Книги

Анатолий Солоницын. Странствия артиста: вместе с Андреем Тарковским

22
18
20
22
24
26
28
30

Теперь яснее мне становился замысел фильма, характер героя, который Анатолию предстояло воплотить на экране. Понятней стали и мучения брата, его сомнения в своих силах, в самой возможности показать иконописца, способного на такой духовный подвиг. Ведь шедевры Рублева и храм Покрова на Нерли – явления одного духовного ряда.

Прошло много лет с той поры. И вот я читаю воспоминания Николая Гринько, «батьки Гринько», как называл Николая Григорьевича Анатолий. Написал их замечательный актер по моей просьбе.

«…Нашим основным эпизодом в картине было объяснение Андрея и Данилы Черного (моя роль) перед уходом из Андроникова монастыря. Гонцы сообщают Рублеву, что великий князь призывает его расписывать храм. Андрей соглашается, невольно радуясь, что именно его призывает великий князь. На какое-то время он забывает обо всем другом – в том числе и об учителе Даниле Черном. А ведь им предстоит расстаться. Данила и Андрей дороги друг другу, а тут между ними возникает отчуждение. Для Данилы, разумеется, обидно, что его обошли, что ученик даже не посоветовался с ним, а сразу дал согласие делать работу. С другой стороны, радостно, что к Андрею пришло признание.

Андрей в келье у Данилы просит принять исповедь. Он уже понимает, что допустил оплошность, что своей поспешностью ранил душу учителя. Он начинает говорить, заботясь лишь об одном, – нельзя, чтобы нить, связывающая их, оборвалась.

Весь эпизод надо было сыграть с той простотой и задушевностью, которые исключают сентиментальность. Речь должна была идти о родстве высшего порядка – духовном братстве.

Я, уже привыкший к необычайной требовательности режиссера, уже снявшийся в его “Ивановом детстве”, с тревогой смотрел на молодого дебютанта. Сможет ли он выполнить непростые задания режиссера? Мне очень хотелось, чтобы у него все получилось.

Включились осветительные приборы, заработала камера. И с такой сердечностью, с такой робостью и любовью зазвучал Толин голос, что сразу же отозвались самые лучшие чувства, какие есть во мне… Сами собой полились слезы…

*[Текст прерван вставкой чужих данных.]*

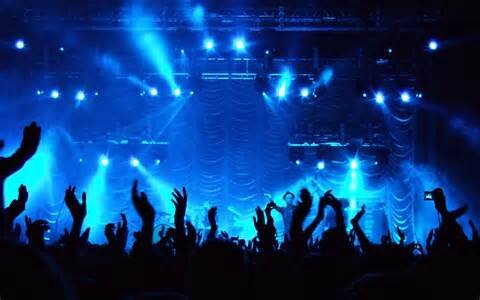 THE OFFICIAL TWITTER PAGE OF ALL THINGS ROCK/METAL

Не зная, куда деть руки, Рублев тер пальцами стол.

Пальцы у Толи были длинными, как у пианиста. Камера Вадима Ивановича Юсова все видела. Свет был поставлен “рембрандтовский” – черное пространство вокруг персонажей, высветленные, с черно-серыми оттенками лица…

И эти Толины пальцы, и светлые, с затаенной болью глаза, и свет лучины, и голос его, и собственные слезы – все помню, все…

Сейчас, когда думаю об этом эпизоде, мне он кажется просто пророческим – в самом начале нашей дружбы была заложена горечь прощания.

Его природное обаяние было главным подспорьем в работе.

А если говорить о его чисто актерских способностях, то я бы выделил трудолюбие.

Анатолий Солоницын был для режиссеров идеальным исполнителем. Потому что ради работы он готов был на любое самоотречение.

В “Андрее Рублеве” герой Солоницына дает обет молчания. Анатолий более месяца не произносил ни единого слова.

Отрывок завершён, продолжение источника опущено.